* WHAT NEEDS TO BE DONE *
The material below has pictures in it. Set down only the lines from the line containing "Halssmycke med kedja, tunnt" through the line containing "Inskrivet i huvudkatalog 1963.", word for word, and leave the pictures behind.

* SOURCE DATA *
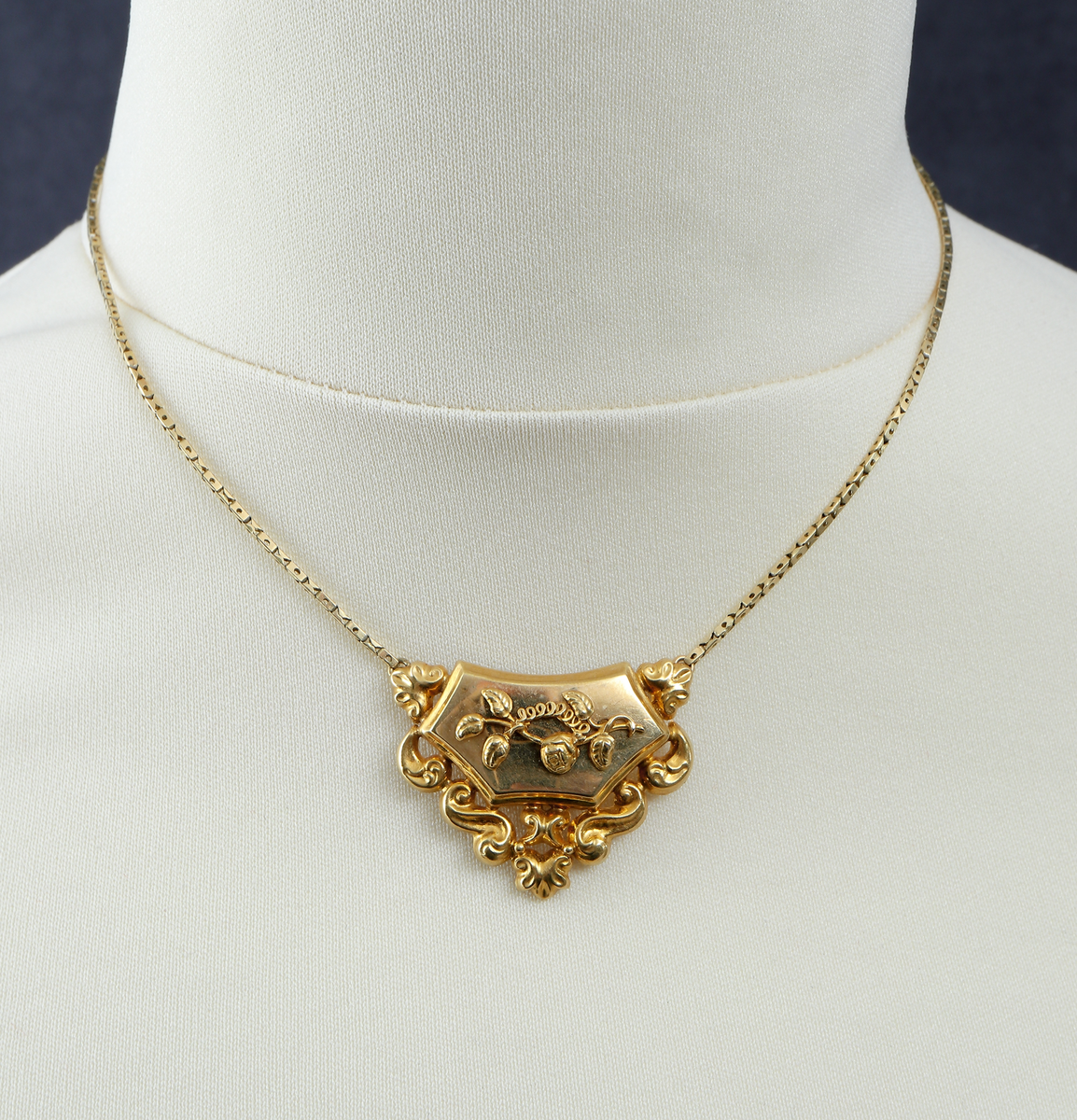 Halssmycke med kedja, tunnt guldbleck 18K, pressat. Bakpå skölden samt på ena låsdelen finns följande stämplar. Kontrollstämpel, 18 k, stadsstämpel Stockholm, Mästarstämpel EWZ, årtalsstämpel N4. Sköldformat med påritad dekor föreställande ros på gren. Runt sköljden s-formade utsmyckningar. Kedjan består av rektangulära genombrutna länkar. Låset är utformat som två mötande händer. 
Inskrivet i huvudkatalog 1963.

...

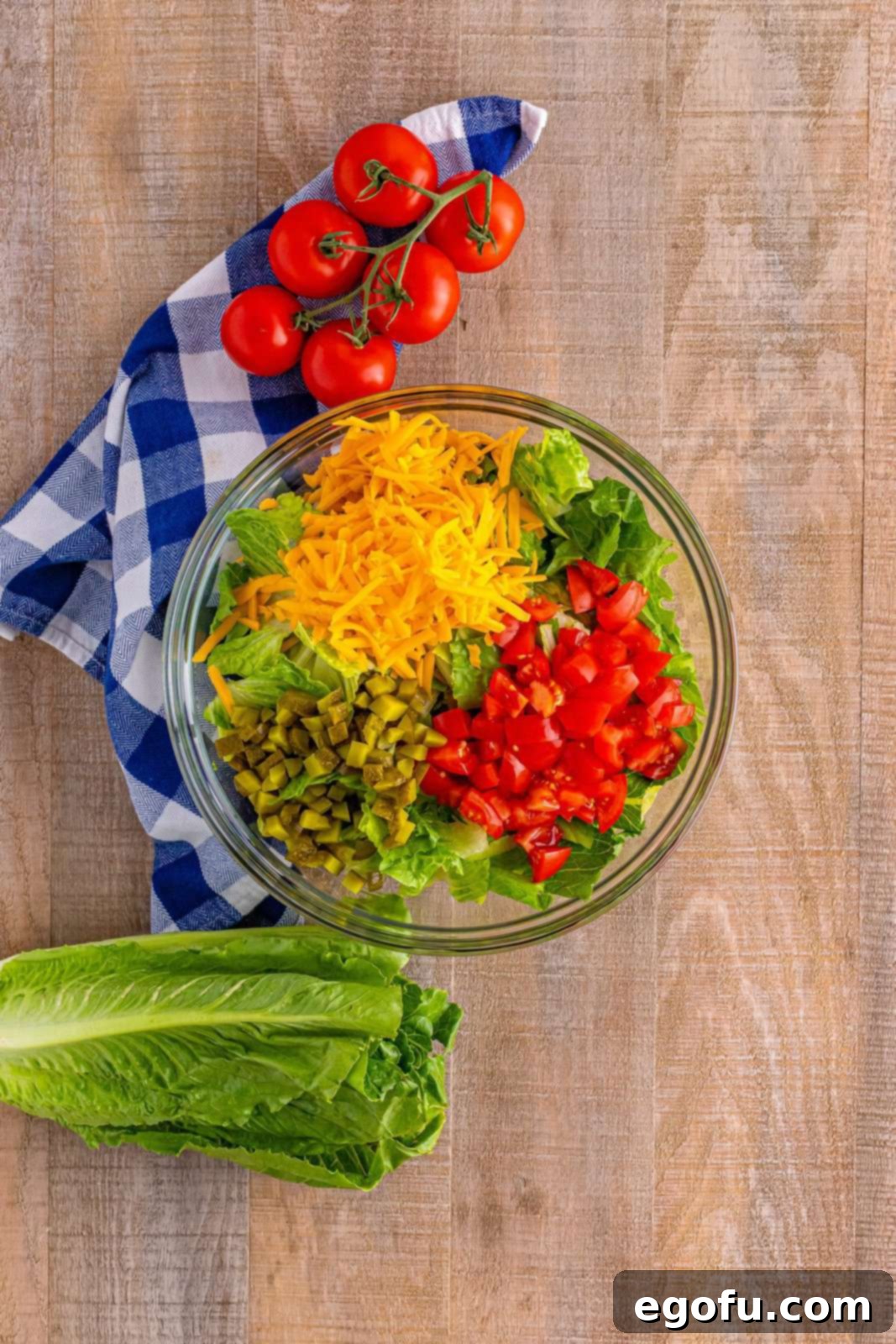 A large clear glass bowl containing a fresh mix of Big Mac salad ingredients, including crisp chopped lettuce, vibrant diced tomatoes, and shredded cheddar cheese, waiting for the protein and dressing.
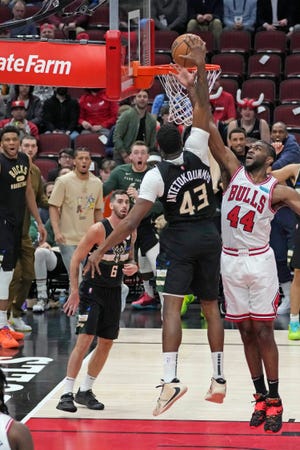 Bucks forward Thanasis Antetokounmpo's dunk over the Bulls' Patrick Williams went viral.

* TASK ANSWER *
 Halssmycke med kedja, tunnt guldbleck 18K, pressat. Bakpå skölden samt på ena låsdelen finns följande stämplar. Kontrollstämpel, 18 k, stadsstämpel Stockholm, Mästarstämpel EWZ, årtalsstämpel N4. Sköldformat med påritad dekor föreställande ros på gren. Runt sköljden s-formade utsmyckningar. Kedjan består av rektangulära genombrutna länkar. Låset är utformat som två mötande händer. 
Inskrivet i huvudkatalog 1963.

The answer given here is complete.